Macron denounced the unacceptable increase in acts and hate speech, which he linked to the recent wave of demonstrations against his government, by the yellow vest rallies. Anti-Semitism is not a slogan of the Y.V. movement, but there are extremists among its members responsible for racist and anti-Semitic remarks, as well as attacks on legislators. It is sad that some in the Y.V. movement believe in a Zionist plot or conspiracy. In a sense, their behavior resembles that of the black American actor Jussie Smollett, charged in Chicago on February 21, 2019 with filing a false report that he was attacked for racial reasons. In both cases, the perpetrators took advantage of justifiable anger at expressions of racism and existing discrimination to spread their message of hate.

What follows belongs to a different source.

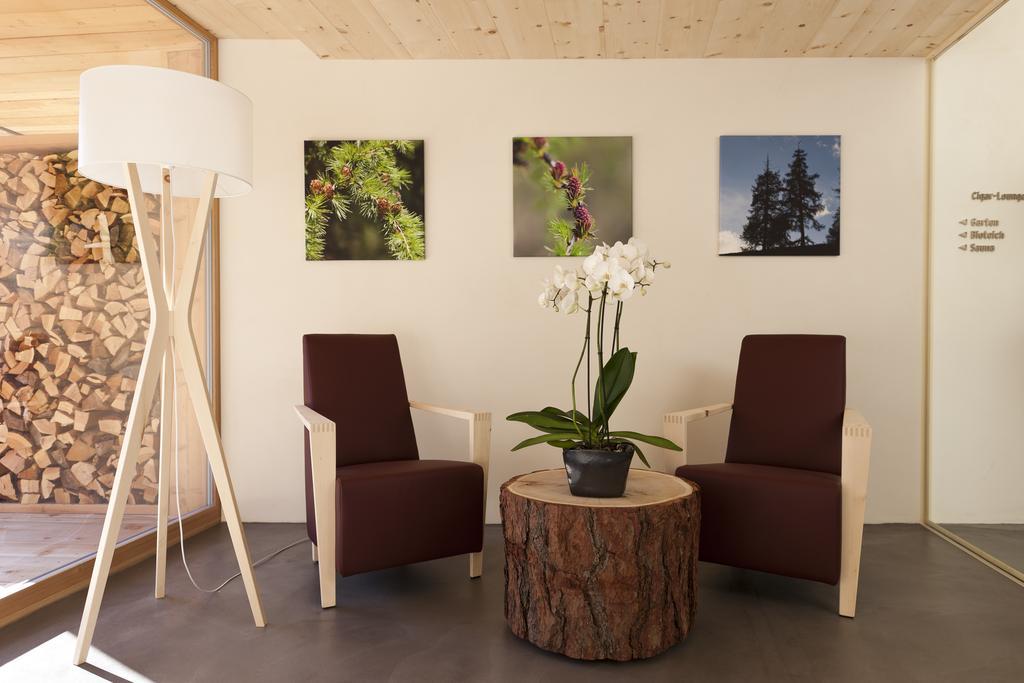 Relais & Chateaux In Lain Hotel Cadonau Brail Kültér fotó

More attention is now being paid in France to anti-Semitism, which Christophe Castaner, minister of the interior, says is spreading like a poison. In 2018, there were 641 anti-Semitic acts and threats, an increase of 74% from 311 in 2017.

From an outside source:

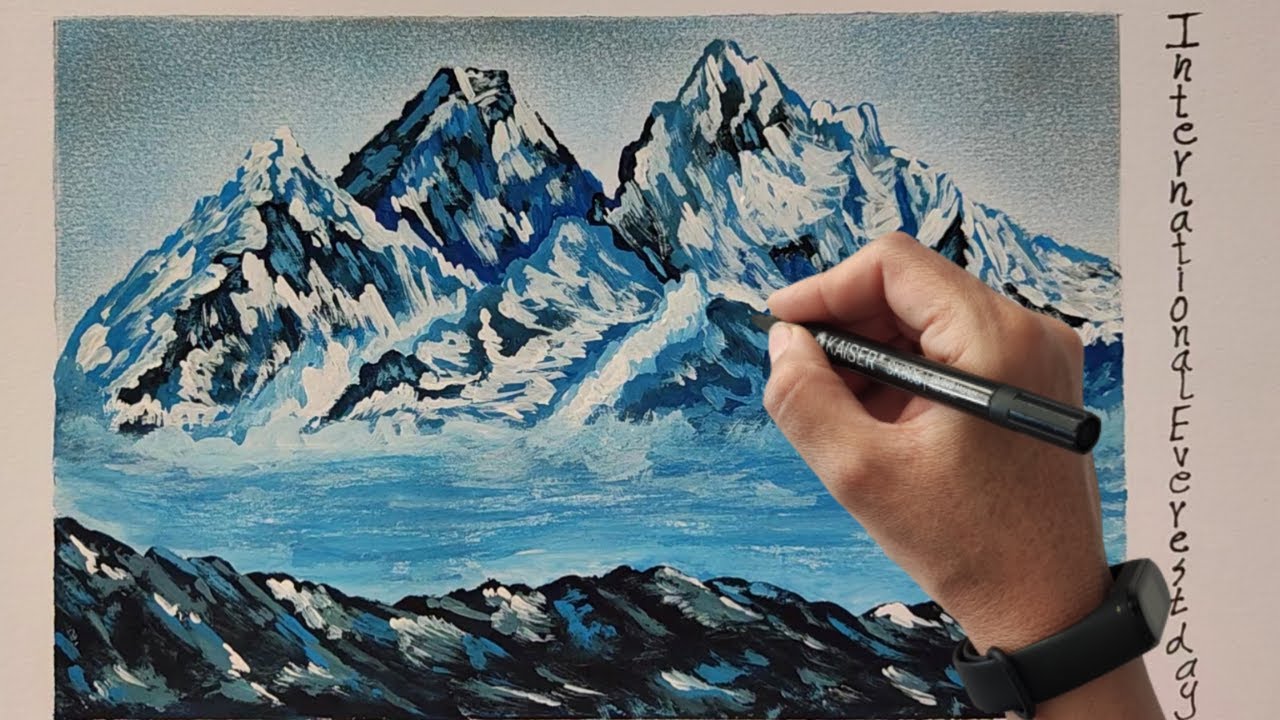 Explore the Best Mounteverest Art | DeviantArt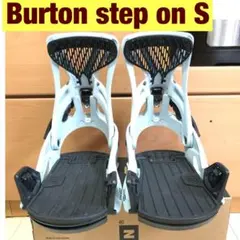 2026年最新】burton step on 24の人気アイテム - メルカリ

A few can be mentioned. Graves, more than 90, of Jews were vandalized with swastikas in the cemetery in the small village of Quatzenheim, a village near Strasbourg. Macron, wearing a skullcap, attended a ceremony at the gravesite.

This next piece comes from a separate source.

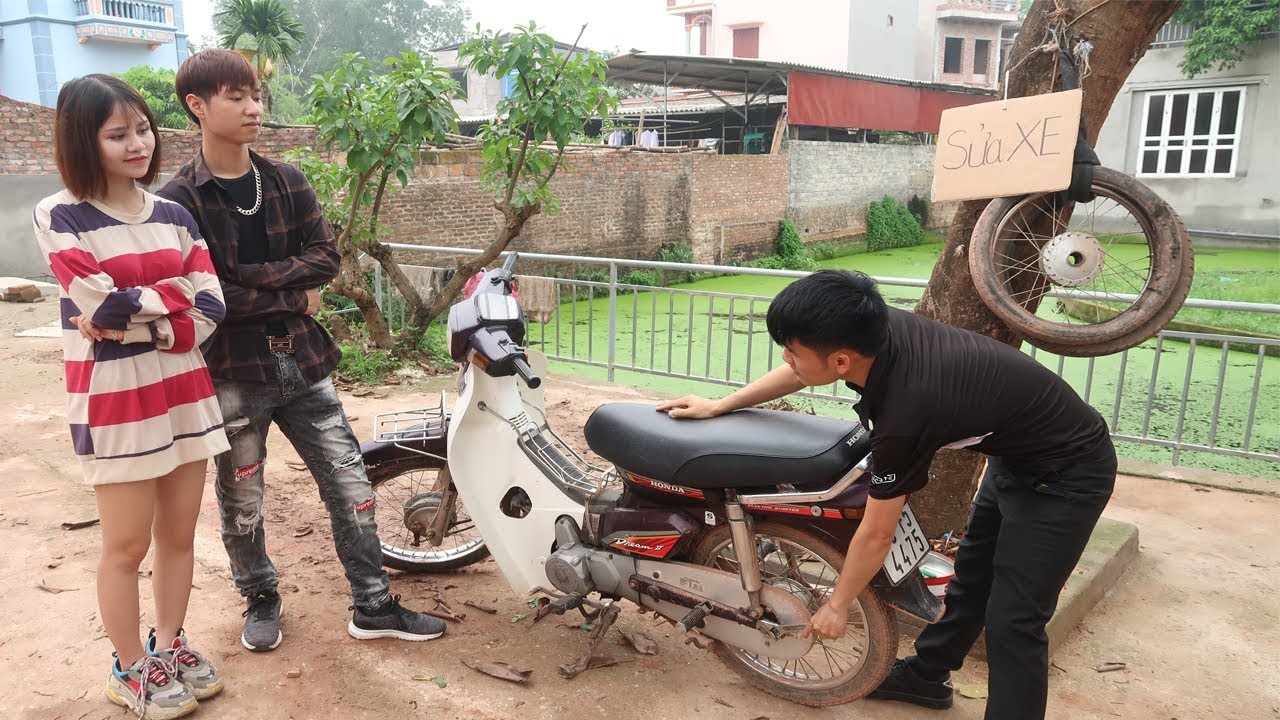 Chủ Tịch L&agrave;m Thợ Sửa Xe Bị Người Y&ecirc;u Cũ Sỉ Nhục V&agrave; C&aacute;i Kết | Đừng Bao Giờ Coi Thường Người Kh&aacute;c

Among the more egregious previous anti-Semitic attacks in 2012 were the killing of four people, a rabbi and three children, in the Jewish school in Toulouse in southwest France, and the murder of Ilan Halimi, a 23-year-old phone salesman, of Jewish Moroccan ancestry, who was kidnapped and tortured for three weeks in 2006 and died from burn injuries on the way to the hospital. A tree planted in his memory in the Paris suburb of Sainte-Geneviève-du-Bois was chopped down. On February 19, 2019, two teenagers were arrested after firing, by air rifle, at a synagogue in the Paris suburb of Sarcelles. The next day, February 20, two swastikas accompanied by a phrase denying the Holocaust were painted on a monument in a Jewish cemetery in Champagne-au-Mont-d'Or, near Lyon.
You don't have to be Jewish to like bagels, but a bagel factory, of the Bagelstein chain, in the east of Paris, in the Ile Saint-Louis district, was defaced with the word "Juden" in German painted in yellow across the window. It is unclear whether the color referred to the Y.V. movement or to the Star of David arm bands Jews were forced to wear by Nazi Germany.
French politicians have asserted that anti-Semitism is deeply rooted in French society. The country is familiar with attacks on Jews and Jewish institutions by political extremists and Islamists, but the link to the yellow vests came as a surprise.
The disease of anti-Semitism may be turning into a plague. We must recognize, as Albert Camus, wrote in The Plague, that the next plague will "rouse up its rats again." Radical surgery is essential to correct the severe cancerous threat to society in France as elsewhere.